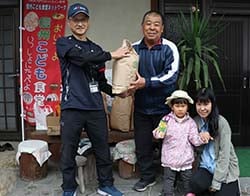 農産物を寄贈する青柳支所長（左）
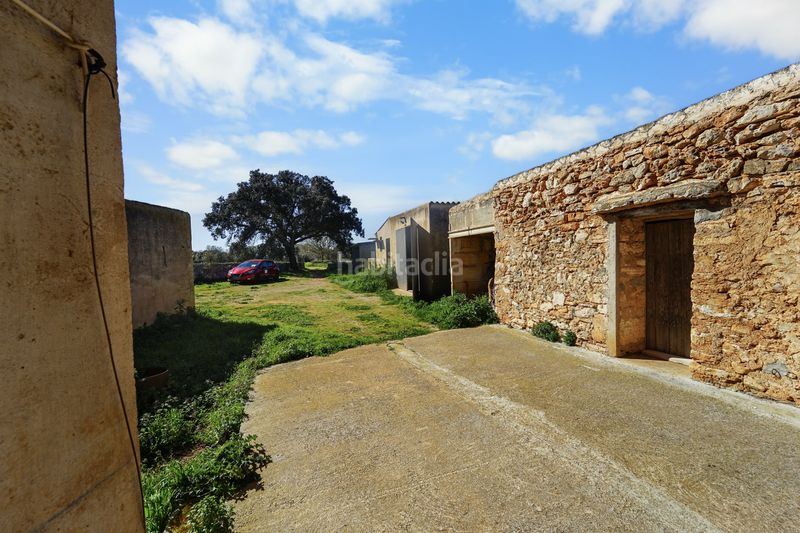 Foto 29d10f5e-fef7-45a7-9a4c-47bb49d27dde. Masia amb aparcament a Felanitx poble Felanitx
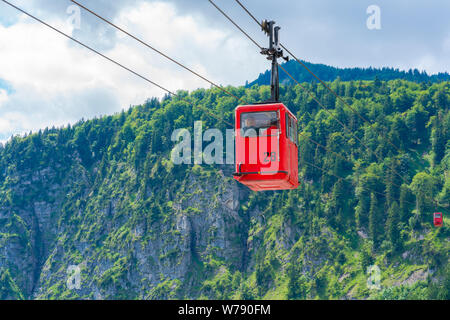 ST. GILGEN, Österreich - Juli 12, 2019: Seilbahn Seilbahn bringt die Besucher auf die Spitze des Zwolferhorn Berg, bietet einen herrlichen Aussichtspunkt mit vi Stockfoto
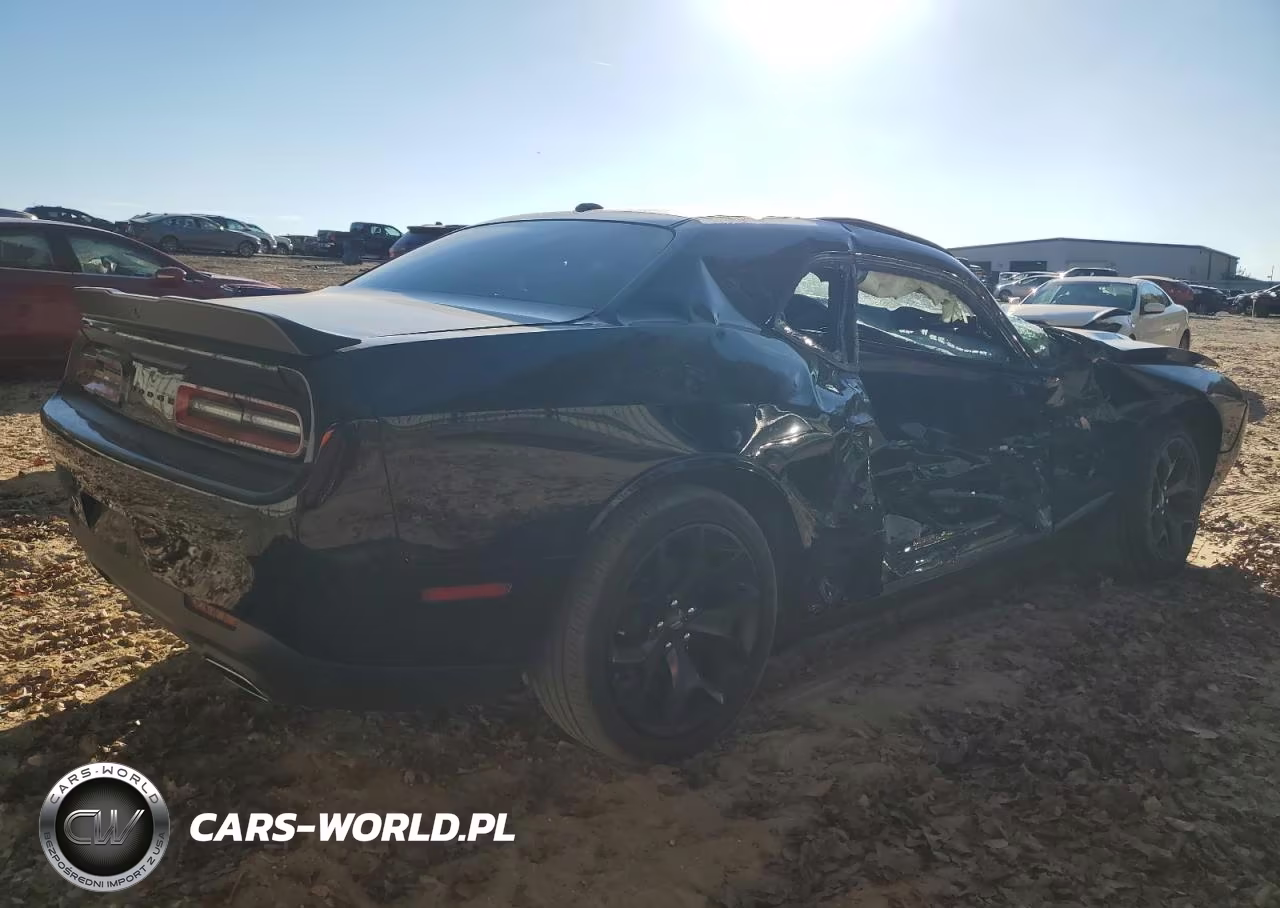 2020 Dodge Challenger Sxt VIN:2C3CDZAG5LH243499 - 3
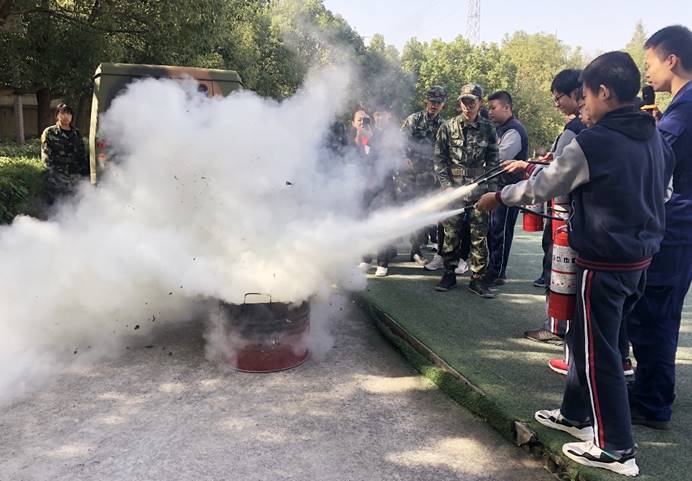 图片包含 武器, 户外, 人, 路描述已自动生成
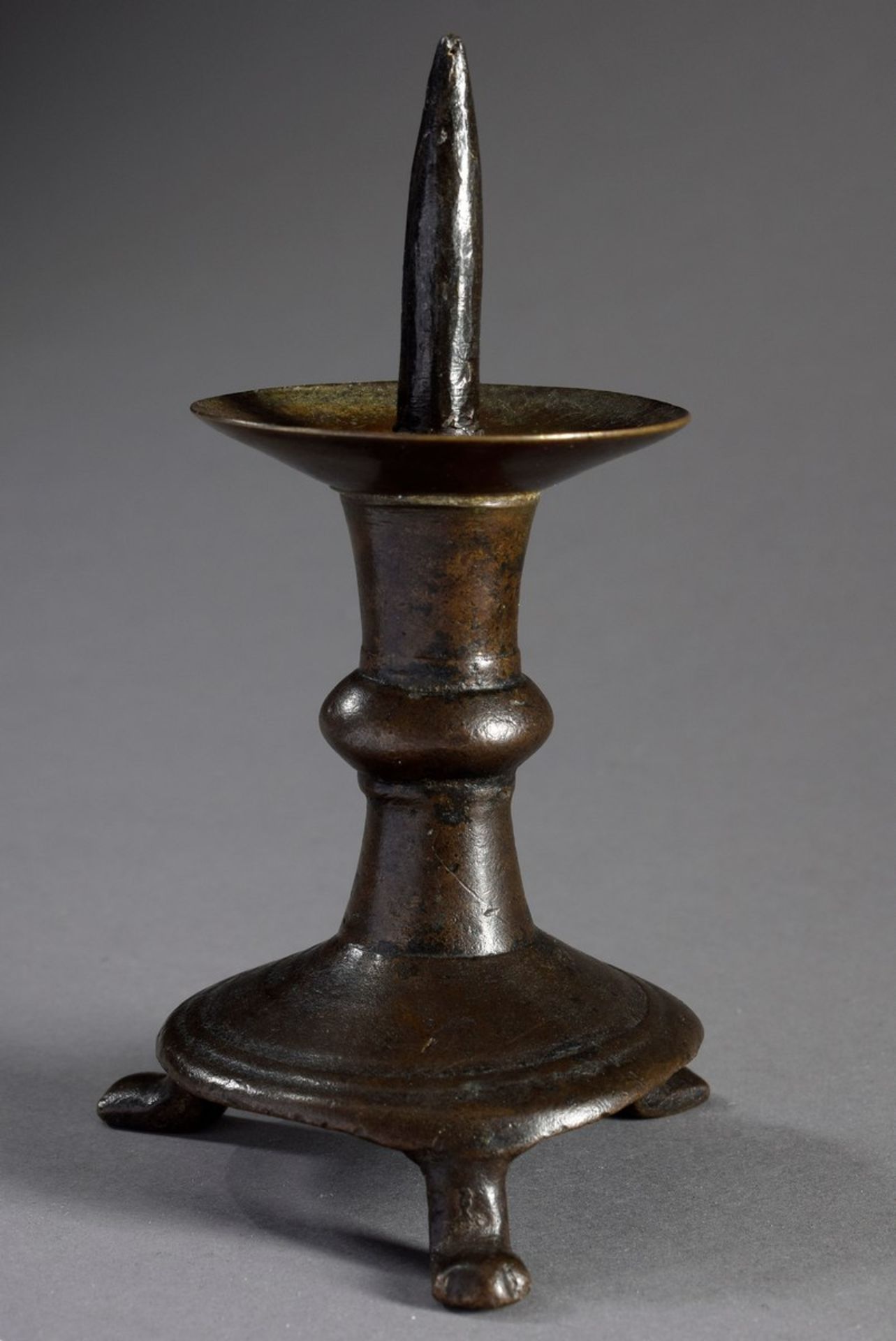 Kleiner romanischer Kerzenleuchter auf drei Klau | Small Romanesque candlestick holder on three cla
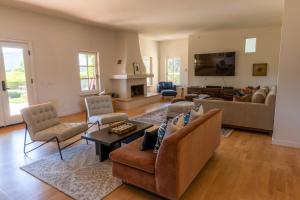 uma sala de estar com mobiliário e uma lareira em Ashe Vineyard By PHH Stays em Napa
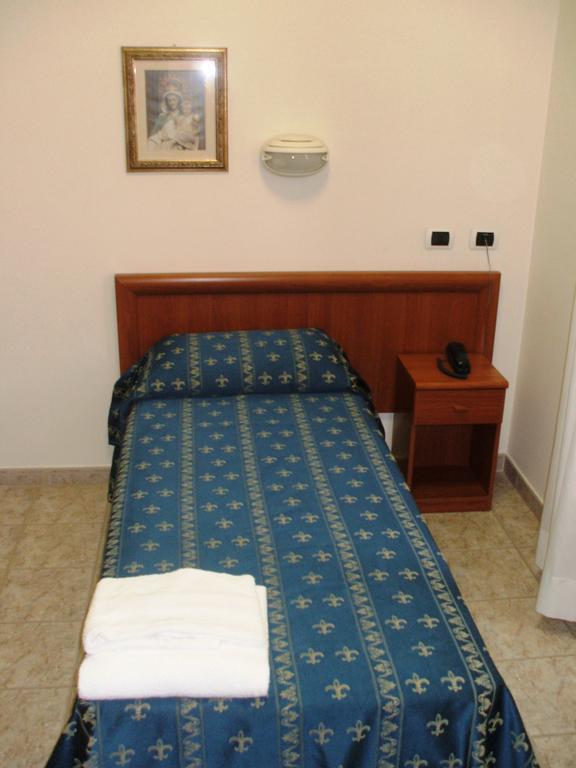Maria Rosa Molas - Casa Per Ferie Gjestgiverier Roma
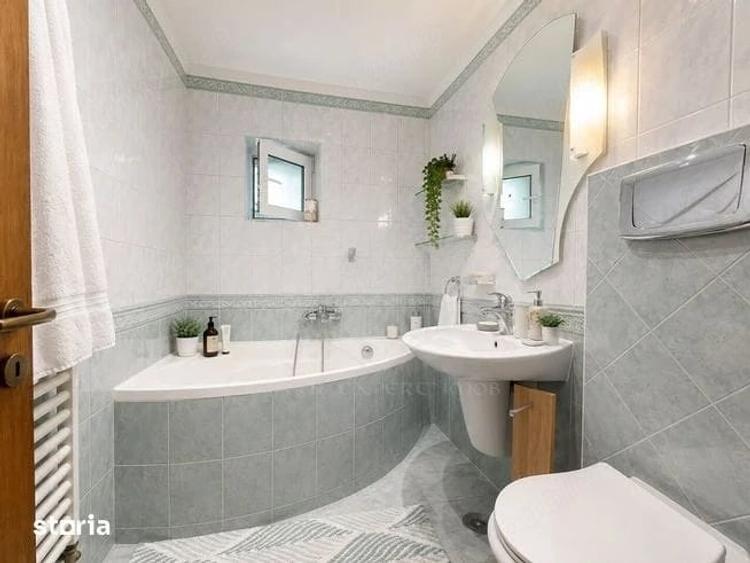 Apartament cu 4 camere decomandat, mobilat în Eminescu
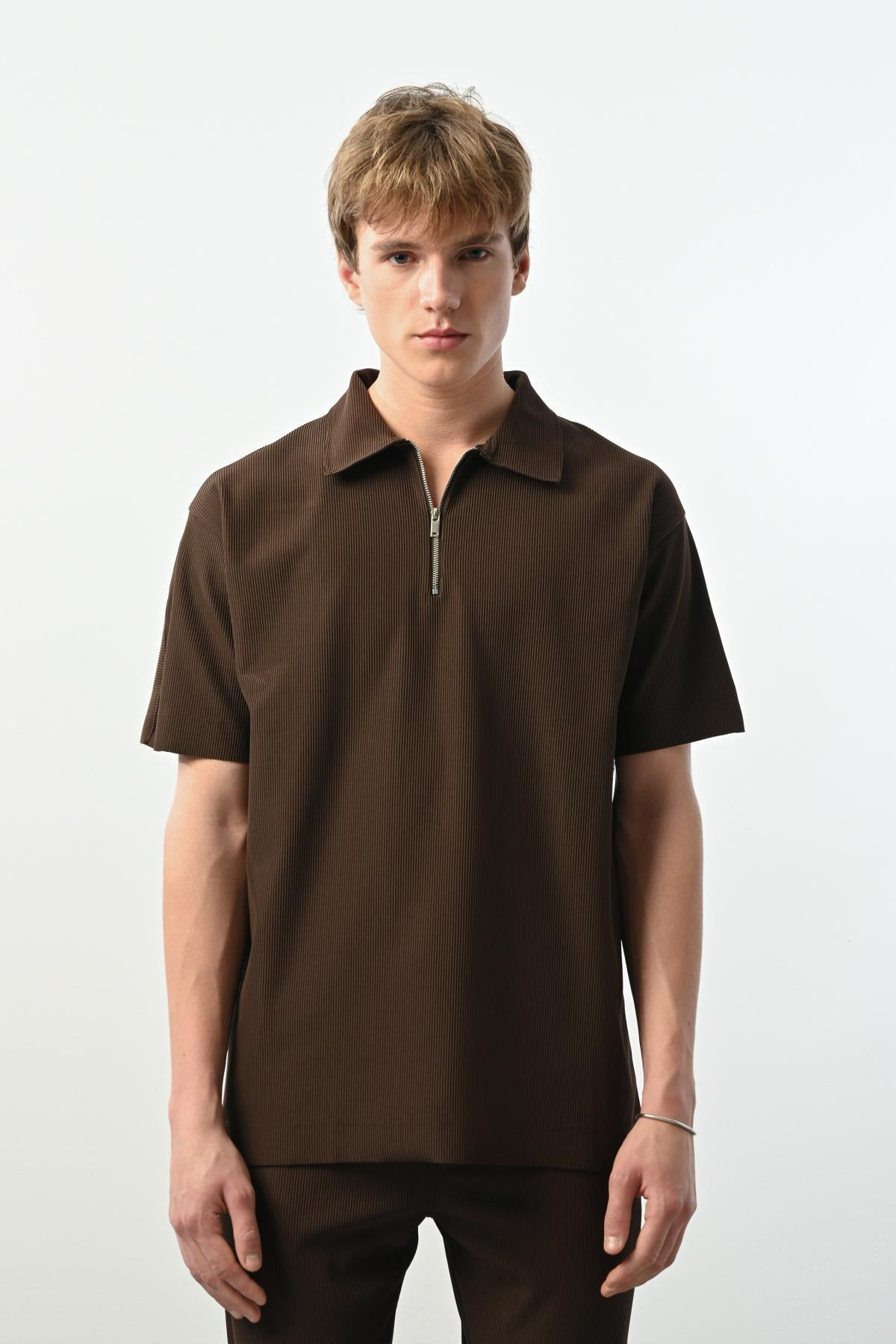 Wholesale Men Brown T-shirt 721598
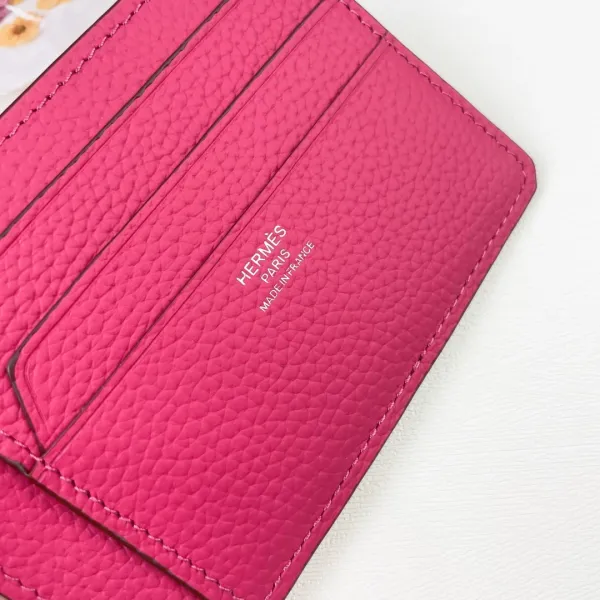 Hermès Card Holder in Fuchsia Togo Leather Wallets - 6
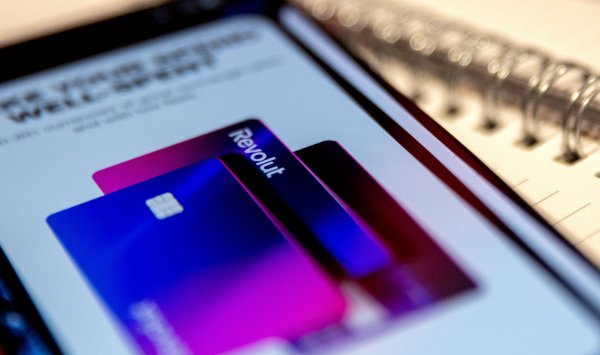 Revolut в Болгарии — 50% рост клиентов на 2024 год и транзакции за более чем 2 миллиарда евро.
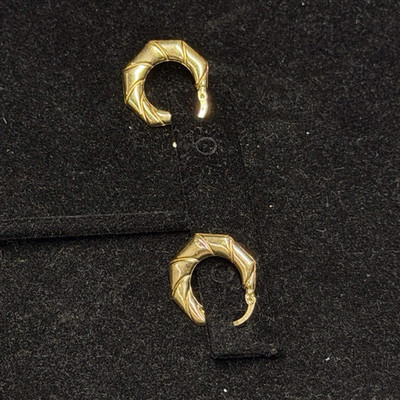 Gold Tone Small Hoop Huggie Earrings Crescent Shape, No Stone, Metal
+ + +
## [Exercise brief]
Copy nothing past the line containing "Maria Rosa Molas": reproduce every line from the start of the records up to it, skipping pictures.

## [Exercise output]
 農産物を寄贈する青柳支所長（左）
 Foto 29d10f5e-fef7-45a7-9a4c-47bb49d27dde. Masia amb aparcament a Felanitx poble Felanitx
 ST. GILGEN, Österreich - Juli 12, 2019: Seilbahn Seilbahn bringt die Besucher auf die Spitze des Zwolferhorn Berg, bietet einen herrlichen Aussichtspunkt mit vi Stockfoto
 2020 Dodge Challenger Sxt VIN:2C3CDZAG5LH243499 - 3
 图片包含 武器, 户外, 人, 路描述已自动生成
 Kleiner romanischer Kerzenleuchter auf drei Klau | Small Romanesque candlestick holder on three cla
 uma sala de estar com mobiliário e uma lareira em Ashe Vineyard By PHH Stays em Napa
Maria Rosa Molas - Casa Per Ferie Gjestgiverier Roma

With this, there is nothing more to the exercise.